George Holland Sabine (9 December 1880 – 18 January 1961), popularly known as Sabine, was an American professor of philosophy, dean of the graduate school and vice president of Cornell University. He is best known for his authoritative work A History of Political Theory, which traces the growth of political thought from the times of Plato to modern fascism and nazism. George Sabine was also a carpenter, a blacksmith, a cook, and a gardener and collected lithographs and etchings.

==Biography==
He was born in Dayton, Ohio to Lorenzo D. Sabine and Eva Josephine Tucker.

Sabine entered Cornell University in 1899, received his A.B. in 1903 and Ph.D. in 1906. He taught at Stanford University from 1907 to 1914. That year, he was appointed professor of philosophy at University of Missouri.
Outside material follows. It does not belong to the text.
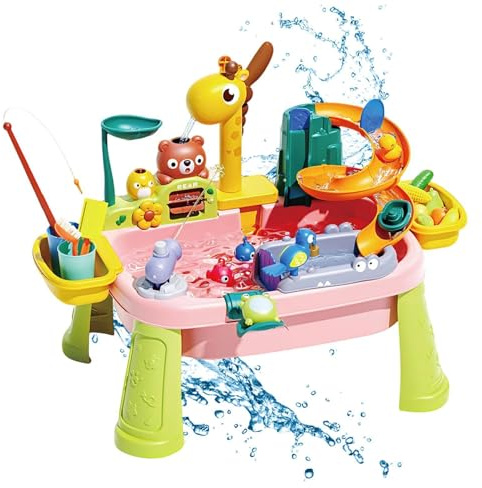 CHIBIWER Wasserspieltisch Kinders Outdoor, 59x42x33cm ABS Wassertisch, Planschbecken Mit Fließendem Wasser, Giraffen Wasserhahn Angelspielzeug, Wasserspielzeug Für Wasser Spieltisch, Garten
He continued teaching there until 1923 when he began at Ohio State University. In 1931, he returned to Cornell, where Henry W. Sage had endowed the Susan Linn Sage professorship. Beyond the classroom, Sabine served as Dean of Graduate School from 1940 to 1944, and as Vice President of Cornell from 1943 to 1946. He was affiliated with the Cornell Branch of the Telluride Association, where he resided in his final years.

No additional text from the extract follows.